The original text of Tex. Admin. Code 34 §3.591(e)(26) stated that the receipts from services were apportioned to the location where the service was preformed, and if the services were performed both inside and outside of Texas, then the receipts were Texas receipts on the basis of fair value of the services that were rendered in Texas. The language of the original regulation caused confusion among taxpayers because the rules were applied differently depending on the circumstances. However, under the newly adopted regulations, Texas has defined the “location of performance” as:
“A service is performed at the location of the receipts-producing, end-product act or acts. If there is a receipts-producing, end-product act, the location of other acts will not be considered even if they are essential to the performance of the receipts-producing acts. If there is not a receipts-producing, end-product act, then the locations of all essential acts may be considered. If services are performed both inside and outside Texas for a single charge, then receipts from the services are Texas gross receipts on the basis of the fair value of the services that are performed in Texas. In determining fair value, the relative value of each service provided on a stand-alone basis may be considered. Units of service, such as hours worked, may also be considered. The cost of performing a service does not necessarily represent its value. If costs are considered, costs should be limited to costs directly related to the service and not overhead costs.”
Additionally, Texas provides several examples to clarify the new adopted regulations:
- Admission fees, subscription fees or other charges for an audience to observe live or pre-recorded performances are sourced to the locations where the recipients observe the performance. The location where the live performance was rehearsed, the pre-recorded performance was recorded, and the admission fee or other charge was paid are not determinative.
- Gross receipts from the architectural design of a structure are sourced to the location or locations where the architect performed the work. The delivery location of any tangible work product, such as a blueprint, is not determinative.
- Example I: a law firm with offices in Texas and Louisiana charges a client a lump sum fee of $5,000 to draft a document. Attorneys in the Texas office recorded 20 hours on the project, and attorneys in the Louisiana office recorded five hours on the project at the same billing rate. Texas gross receipts are $4,000. If the law firm does not record hours worked on a project, other measures of direct cost may be considered.

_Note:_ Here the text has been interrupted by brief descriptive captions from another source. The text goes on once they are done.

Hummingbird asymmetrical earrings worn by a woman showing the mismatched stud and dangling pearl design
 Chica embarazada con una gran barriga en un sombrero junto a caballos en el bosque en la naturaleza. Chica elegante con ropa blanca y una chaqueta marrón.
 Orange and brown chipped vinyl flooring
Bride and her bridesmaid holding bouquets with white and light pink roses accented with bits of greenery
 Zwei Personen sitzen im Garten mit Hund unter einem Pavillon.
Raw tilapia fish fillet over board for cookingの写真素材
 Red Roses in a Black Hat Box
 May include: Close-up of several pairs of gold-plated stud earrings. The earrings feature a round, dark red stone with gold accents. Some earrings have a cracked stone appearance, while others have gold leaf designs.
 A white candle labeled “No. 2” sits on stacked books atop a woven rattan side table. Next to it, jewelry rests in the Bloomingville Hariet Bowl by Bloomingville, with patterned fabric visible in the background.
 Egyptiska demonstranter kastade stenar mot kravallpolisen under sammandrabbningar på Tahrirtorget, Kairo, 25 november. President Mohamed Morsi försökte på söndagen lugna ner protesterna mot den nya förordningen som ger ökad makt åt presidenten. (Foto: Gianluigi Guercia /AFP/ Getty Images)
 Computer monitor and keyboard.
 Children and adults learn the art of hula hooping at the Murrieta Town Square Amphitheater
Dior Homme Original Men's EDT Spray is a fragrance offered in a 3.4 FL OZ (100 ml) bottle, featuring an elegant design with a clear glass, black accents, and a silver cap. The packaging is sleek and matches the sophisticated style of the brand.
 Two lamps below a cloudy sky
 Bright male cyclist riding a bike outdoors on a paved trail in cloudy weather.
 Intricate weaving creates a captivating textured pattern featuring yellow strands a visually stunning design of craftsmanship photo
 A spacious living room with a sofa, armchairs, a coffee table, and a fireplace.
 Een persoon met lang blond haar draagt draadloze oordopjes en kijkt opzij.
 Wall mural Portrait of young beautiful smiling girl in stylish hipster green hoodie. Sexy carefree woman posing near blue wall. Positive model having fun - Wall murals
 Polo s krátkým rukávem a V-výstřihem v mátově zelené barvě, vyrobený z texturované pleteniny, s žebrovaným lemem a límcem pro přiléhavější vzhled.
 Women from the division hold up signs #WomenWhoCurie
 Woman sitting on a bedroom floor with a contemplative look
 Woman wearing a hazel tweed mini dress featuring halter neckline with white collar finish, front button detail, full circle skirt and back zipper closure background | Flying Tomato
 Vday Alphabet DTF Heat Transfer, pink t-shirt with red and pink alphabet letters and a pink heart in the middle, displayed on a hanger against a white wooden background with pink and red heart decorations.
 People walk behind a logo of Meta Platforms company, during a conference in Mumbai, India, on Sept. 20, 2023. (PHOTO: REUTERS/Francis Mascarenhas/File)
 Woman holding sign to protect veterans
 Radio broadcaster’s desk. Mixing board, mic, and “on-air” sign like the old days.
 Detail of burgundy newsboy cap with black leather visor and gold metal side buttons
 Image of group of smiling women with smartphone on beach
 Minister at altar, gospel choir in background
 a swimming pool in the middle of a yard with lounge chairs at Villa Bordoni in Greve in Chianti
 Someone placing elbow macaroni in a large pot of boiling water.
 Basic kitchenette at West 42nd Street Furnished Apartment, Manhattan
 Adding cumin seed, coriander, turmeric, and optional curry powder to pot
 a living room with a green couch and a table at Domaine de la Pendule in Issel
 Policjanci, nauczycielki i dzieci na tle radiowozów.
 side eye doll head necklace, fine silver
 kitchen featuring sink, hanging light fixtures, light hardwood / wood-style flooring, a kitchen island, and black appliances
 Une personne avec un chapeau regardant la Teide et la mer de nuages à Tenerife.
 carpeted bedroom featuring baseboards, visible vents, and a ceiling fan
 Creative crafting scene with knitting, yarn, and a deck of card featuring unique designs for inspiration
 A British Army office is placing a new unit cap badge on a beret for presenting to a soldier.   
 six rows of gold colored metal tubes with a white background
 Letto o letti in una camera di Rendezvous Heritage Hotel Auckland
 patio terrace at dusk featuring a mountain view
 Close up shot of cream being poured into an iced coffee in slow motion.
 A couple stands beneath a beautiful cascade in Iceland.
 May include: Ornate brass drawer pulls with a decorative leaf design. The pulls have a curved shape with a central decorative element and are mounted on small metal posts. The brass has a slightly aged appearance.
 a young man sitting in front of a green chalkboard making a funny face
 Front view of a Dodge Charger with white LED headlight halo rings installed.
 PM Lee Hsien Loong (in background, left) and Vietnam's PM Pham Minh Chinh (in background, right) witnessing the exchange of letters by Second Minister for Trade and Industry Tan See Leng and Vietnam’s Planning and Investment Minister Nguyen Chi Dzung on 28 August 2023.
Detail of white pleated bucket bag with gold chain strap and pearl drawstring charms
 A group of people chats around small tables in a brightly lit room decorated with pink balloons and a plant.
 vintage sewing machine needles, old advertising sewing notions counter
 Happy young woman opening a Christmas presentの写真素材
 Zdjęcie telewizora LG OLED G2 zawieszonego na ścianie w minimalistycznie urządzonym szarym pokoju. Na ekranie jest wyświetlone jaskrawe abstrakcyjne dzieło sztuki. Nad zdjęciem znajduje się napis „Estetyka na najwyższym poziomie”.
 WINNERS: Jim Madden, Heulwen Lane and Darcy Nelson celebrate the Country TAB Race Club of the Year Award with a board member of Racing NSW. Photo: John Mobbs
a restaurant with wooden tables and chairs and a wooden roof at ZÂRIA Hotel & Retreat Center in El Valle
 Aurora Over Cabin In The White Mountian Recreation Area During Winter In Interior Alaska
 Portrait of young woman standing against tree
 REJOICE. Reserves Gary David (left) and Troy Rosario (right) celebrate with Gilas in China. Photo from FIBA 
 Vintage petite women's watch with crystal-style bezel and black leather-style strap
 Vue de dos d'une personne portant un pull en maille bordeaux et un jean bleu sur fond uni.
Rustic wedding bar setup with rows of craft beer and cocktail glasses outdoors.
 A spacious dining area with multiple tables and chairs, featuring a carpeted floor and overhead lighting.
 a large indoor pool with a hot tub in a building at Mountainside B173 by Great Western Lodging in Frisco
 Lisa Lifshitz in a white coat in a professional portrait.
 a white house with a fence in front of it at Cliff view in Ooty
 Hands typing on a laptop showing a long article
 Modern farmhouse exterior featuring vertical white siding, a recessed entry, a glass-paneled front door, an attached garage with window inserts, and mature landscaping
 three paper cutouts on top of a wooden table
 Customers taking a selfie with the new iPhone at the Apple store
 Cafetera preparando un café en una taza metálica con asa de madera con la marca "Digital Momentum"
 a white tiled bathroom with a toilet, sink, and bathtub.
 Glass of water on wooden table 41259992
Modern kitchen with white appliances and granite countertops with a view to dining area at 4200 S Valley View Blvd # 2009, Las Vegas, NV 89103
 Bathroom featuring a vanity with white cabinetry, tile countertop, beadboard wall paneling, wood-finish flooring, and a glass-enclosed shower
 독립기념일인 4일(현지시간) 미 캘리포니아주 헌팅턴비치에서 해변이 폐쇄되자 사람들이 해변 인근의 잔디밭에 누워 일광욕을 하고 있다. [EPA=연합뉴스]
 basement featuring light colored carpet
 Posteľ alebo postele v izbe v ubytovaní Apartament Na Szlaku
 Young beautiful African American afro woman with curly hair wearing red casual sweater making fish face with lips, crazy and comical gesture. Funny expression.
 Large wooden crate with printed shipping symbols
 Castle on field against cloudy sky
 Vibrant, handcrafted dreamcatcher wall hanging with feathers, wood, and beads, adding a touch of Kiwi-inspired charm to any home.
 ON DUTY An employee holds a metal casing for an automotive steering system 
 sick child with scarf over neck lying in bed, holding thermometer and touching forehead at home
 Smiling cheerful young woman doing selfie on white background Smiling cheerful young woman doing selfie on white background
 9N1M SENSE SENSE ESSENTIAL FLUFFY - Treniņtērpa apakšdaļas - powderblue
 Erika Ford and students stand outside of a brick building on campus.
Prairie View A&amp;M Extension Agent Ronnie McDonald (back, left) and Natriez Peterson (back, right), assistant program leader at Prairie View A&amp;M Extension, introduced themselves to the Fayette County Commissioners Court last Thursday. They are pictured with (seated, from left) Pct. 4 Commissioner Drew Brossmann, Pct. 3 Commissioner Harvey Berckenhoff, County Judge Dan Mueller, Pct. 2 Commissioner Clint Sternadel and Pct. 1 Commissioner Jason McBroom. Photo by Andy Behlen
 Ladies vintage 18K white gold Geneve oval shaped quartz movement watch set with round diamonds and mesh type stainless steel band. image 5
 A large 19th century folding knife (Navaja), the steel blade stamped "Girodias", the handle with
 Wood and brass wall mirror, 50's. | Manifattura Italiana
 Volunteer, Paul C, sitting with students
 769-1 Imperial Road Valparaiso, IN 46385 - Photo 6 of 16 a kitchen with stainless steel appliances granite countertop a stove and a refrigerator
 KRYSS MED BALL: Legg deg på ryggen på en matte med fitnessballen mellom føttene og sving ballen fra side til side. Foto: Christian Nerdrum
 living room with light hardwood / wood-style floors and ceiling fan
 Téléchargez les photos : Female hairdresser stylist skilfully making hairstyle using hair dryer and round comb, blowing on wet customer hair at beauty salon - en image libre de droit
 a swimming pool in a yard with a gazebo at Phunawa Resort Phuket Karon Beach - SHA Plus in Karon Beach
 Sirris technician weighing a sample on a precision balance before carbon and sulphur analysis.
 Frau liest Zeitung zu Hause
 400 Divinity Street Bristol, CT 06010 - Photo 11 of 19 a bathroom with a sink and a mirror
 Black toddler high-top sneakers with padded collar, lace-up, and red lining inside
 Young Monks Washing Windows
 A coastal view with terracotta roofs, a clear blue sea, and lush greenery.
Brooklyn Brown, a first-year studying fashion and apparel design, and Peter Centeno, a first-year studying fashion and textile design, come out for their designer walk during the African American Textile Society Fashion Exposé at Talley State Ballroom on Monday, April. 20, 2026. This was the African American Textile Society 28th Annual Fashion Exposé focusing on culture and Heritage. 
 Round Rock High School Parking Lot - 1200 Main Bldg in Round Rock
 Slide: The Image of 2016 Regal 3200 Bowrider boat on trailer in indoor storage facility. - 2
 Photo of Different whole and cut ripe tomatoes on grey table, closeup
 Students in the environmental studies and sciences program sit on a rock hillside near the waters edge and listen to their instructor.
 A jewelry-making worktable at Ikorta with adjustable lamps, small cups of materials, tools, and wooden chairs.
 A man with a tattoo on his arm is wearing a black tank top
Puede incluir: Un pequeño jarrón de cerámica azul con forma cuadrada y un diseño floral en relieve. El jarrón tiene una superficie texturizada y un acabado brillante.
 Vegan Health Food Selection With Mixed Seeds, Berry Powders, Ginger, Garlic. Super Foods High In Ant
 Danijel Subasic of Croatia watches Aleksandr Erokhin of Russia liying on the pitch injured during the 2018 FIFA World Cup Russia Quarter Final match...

- Example II: a Texas-based landscaper provides grounds maintenance services at its client's four offices in Texas and one office in Oklahoma for an annual fee of $50,000. The landscape services at each of the locations are substantially the same. Texas gross receipts are $40,000. Although the cost of performing the landscaping maintenance service at the Oklahoma office is higher than the cost of performing the service at the other locations because of the additional travel cost, the additional cost is not considered.
For those familiar with the terms “market-based” or “cost of performance sourcing of receipts,” it would be incorrect to define Texas’s new sourcing rules as one or the other. Rather, it is imperative to take each circumstance on a case-by-case basis and consult with a trusted tax advisor to arrive at the best conclusion of a taxpayer’s sourcing of services.
Texas Franchise Tax Bright-Line Economic Nexus
On December 20, 2019, the Texas Comptroller adopted amendments to its franchise "margin" tax nexus rule 34 TAC Sec. 3.586(f) establishing an economic nexus standard with a $500,000 threshold. This change took effect December 29, 2019, and applies to franchise tax reports due on or after January 1, 2020. The changes to Texas’ revenue sourcing rules may impact whether or not an out-of-state business exceeds the new $500,000 franchise tax nexus test.